Valid values for delete are
- delete = true Default. Lsyncd will delete on the target whatever is not in the source. At startup and what’s being deleted during normal operation.
- delete = false Lsyncd will not delete any files on the target. Not on startup nor on normal operation. (Overwrites are possible though)
- delete = ‘startup’ Lsyncd will delete files on the target when it starts up but not on normal operation.

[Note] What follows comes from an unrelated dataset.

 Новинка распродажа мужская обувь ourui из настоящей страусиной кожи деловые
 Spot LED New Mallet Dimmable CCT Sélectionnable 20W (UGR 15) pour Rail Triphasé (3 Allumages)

- delete = ‘running’ Lsyncd will not delete files on the target when it starts up but will delete those that are removed during normal operation.
Optimizations #
Make sure that you have enough inotify watches for lsyncd to work. There is no hard and fast rule, you can start the service and it exits you should increase the inotify watches (respective of your RAM amount). Bear in mind that a inotify watch consumes 10KB of RAM.
sudo sysctl fs.inotify
fs.inotify.max_queued_events = 16384
fs.inotify.max_user_instances = 128
fs.inotify.max_user_watches = 500000
The above is a sample response (with 50000 watches). To change the number of watches you can use:
sudo sysctl -w fs.inotify.max_user_watches=50000
Errors #
ssh_exchange_identification: read: Connection reset by peer #
When dealing with a large number of files to synchronize, we make modifications to the /etc/ssh/sshd_config
file on the receiving server.
MaxSessions 100
MaxStartups 100:30:1000
MaxSessions sets the maximum number of open sessions allowed for a single network connection. The default value is 10.
MaxStartups the parameter configuration is in the form of “start:rate:full”. In our case, it means disconnecting with a 30% probability when there are 100 unauthenticated connections, with a linear increase in probability up to 100% when it reaches 1000.